Après les premières attaques de cette dernière vague de violence xénophobe qui a fait plusieurs morts et de nombreux blessés, le gouvernement de Prétoria a mis deux semaines avant de réagir, s'étonne le quotidien qui cite la prise de position tardive du président Jacob Zuma : "Nous ne pouvons pas continuer à nous tuer les uns les autres !" Mais, relève l‘éditorialiste, son fils Edward Zuma a encore mis de l'huile sur le feu en appelant le gouvernement à ne plus laisser entrer d'étrangers dans le pays et à ne pas "gaspiller " l'argent des contribuables pour eux. Sur les 50 millions d'habitants que compte l'Afrique du Sud, 5 millions sont des étrangers… »

Friedensmarsch in Durban Südafrika

Plusieurs milliers de personnes participant à une marche pour la paix et contre la xénophobie à Durban le 16 avril

La Frankfurter Allgemeine Zeitung rapporte que le gouvernement du Malawi veut rapatrier par avion plus de 400 de ses ressortissants. Ces derniers s'étaient réfugiés avec d'autres étrangers de pays africains dans un stade de football en banlieue de Durban. On reproche au roi Zoulou Goodwill Zwelethini, d'avoir attisé la haine contre les étrangers en déclarant que tous les étrangers devraient rentrer dans leur pays d'origine. Zwelethini a affirmé avoir été improprement cité. Quoi qu'il en soit, dans les réseaux sociaux des dizaines de Sud-Africains se vantent d'avoir dépouillé des étrangers de tous leur biens, relève la FAZ qui constate avec inquiétude, qu'entretemps de nombreux ouvriers immigrés en Afrique du Sud se sont procurés des armes afin de pouvoir se protéger."

Autre thème: la décision du gouvernement kényan de fermer Dadaab

"Celui qui a vu une fois Dadaab, n'oubliera pas de sitôt les images des interminables rangées de tentes, de huttes, de cabanes faites de branches et de bâches plastiques, et les petites maisons de briques brunâtres, le tout recouvert d'une poussière rouge. Dadaab est le plus grand camp de réfugiés au monde, rappelle le magazine Stern. Entre 350 000 et 650 000 personnes - selon les estimations- y vivent ici dans l'est du Kenya , près de la frontière avec la Somalie.
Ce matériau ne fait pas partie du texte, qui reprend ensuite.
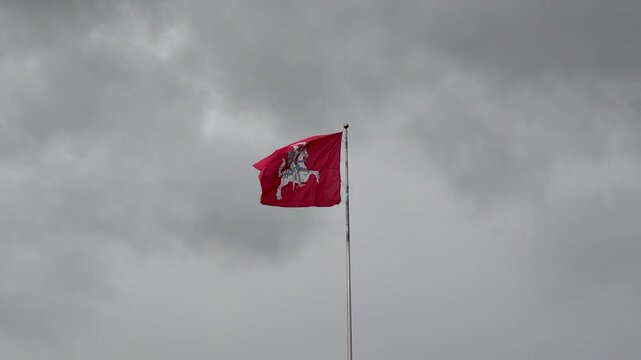 Historical state flag of Lithuania with Vytis knight emblem in Kaunas city
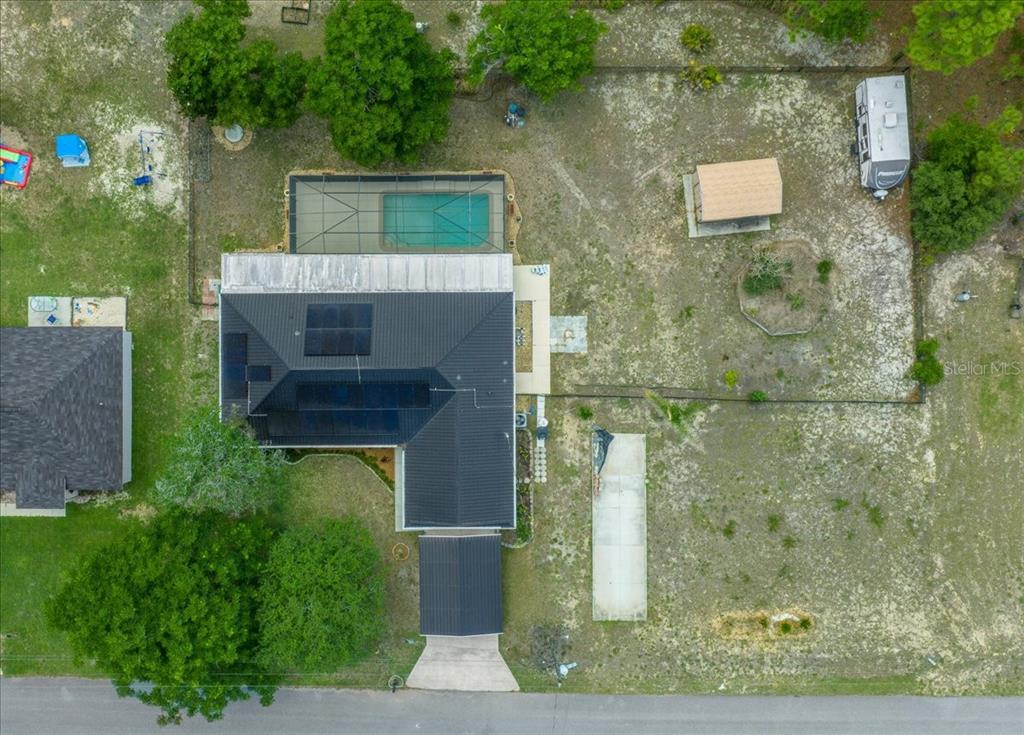 234 Locust Lane Ocala, FL 34472 - Photo 12 of 71 an aerial view of a house with a yard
Quelques jours après l‘attentat perpétré par les terroristes de la milice Al-Shebaab contre l‘ Université de Garissa qui a coûté la vie à plus de 150 étudiants, le gouvernement kényan a annoncé vouloir fermer le camp. Apparemment les terroristes somaliens entrés au Kenya provenaient de Dadaab. En l'espace de trois mois, les Nations unies et les organisations humanitaires sont sommées d'évacuer le camp, sinon c'est l'armée qui le fera !

Flüchtlingslager Dadaab Kenia

Vue génerale du "camp" de Dadaab (photo prise à partir d'un hélicoptère)

L'hebdomadaire Stern constate que le Kenya a perdu depuis longtemps déjà tout contrôle sur Dadaab, fondé en 1991. Ce sont bien plus les milices somaliennes qui y règnent en maîtres. Il est recommandé aux employés des organisations humanitaires de ne se déplacer qu'avec des escortes armées entre les trois principales zones du camp. Dadaab n'est pas un „camp“ provisoire fait de tentes, c'est une véritable ville entre temps.

Flüchtinge in Dadaab Kenia

Une rue du camp de Dadaab. Le camp se trouve à 40 km de la frontier somalienne

Il y existe des ruelles commerçantes, dans lesquelles on vend aussi bien du sucre de contrebande que des portables, du carburant, de la bière, des pâtes ou,- plus ou moins discrètement-, des kalachnikovs. Chaque semaine, des tentes sont remplacées par des maisons de brique. Ce n'est pas la première fois que le gouvernement à Nairobi menace de fermer le camp. Jusqu'ici il ne l'a jamais fait, constate l'éditorialiste."